In college, I took a course on non-Euclidean geometry. My professor was a numbers theorist who worked at the NSA before entering into academia. He once told a story about a situation in which a group of Russian physicists slipped a mathematical model of a neutron star past their Soviet censors in order to share it with their colleagues overseas (mostly concentrated in Los Alamos, NM). The interesting thing was that their simulation was a description of a previously unknown thermonuclear reaction; a blueprint for an entirely new kind of bomb. What force could compel a person to forsake the national security needs of their own country in such a way? Fear? Academic fame? A sense of transcendent, supranational brotherhood? Is the transparency ethic of the scientific community similar to the "openness" of the open source community? If so, how far does it go?

Is the Open Source movement a supranational or a supracorporate community-driven phenomenon?

[The Holocaust Bomb: A Question of Time"But the Manhattan Project was dominated by well-established scientists who, before the war, had been part of an ethical system that abhors secrecy. It was, and is, a supranational community of investigators who believe that certain kinds of universal truth can be found in the natural world, and when found they must be shared. As soon as possible, they insisted on telling the world the A-bomb secret, treating the whole thing as a scientific discovery. They then went back to their civilian lives, some more concerned than others about the implications of their nuclear experiment. The physics community was thus split into two groups: those who left and those who stayed.

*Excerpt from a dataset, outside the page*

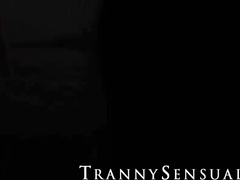 Redhead tranny Jenna Gargles sucking and fucking hairy hunk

The ones who stayed at Los Alamos to build a nuclear arsenal effectively retired from science and became engineers. Their future output would be widgets rather than published papers; inventions rather than discoveries."

But!

"Nuclear secrecy was first introduced by the scientists themselves, before any government became involved. When German scientists discovered fission in 1939 and announced it to the scientific world, physicists outside of Germany wanted to avoid making helpful contributions to a Nazi A-bomb. They obviously could not keep the mere fact of fission secret from its own discoverers, but by withholding further discoveries from publication they sought to deny Hitler's scientists the benefit of international assistance in working out the details."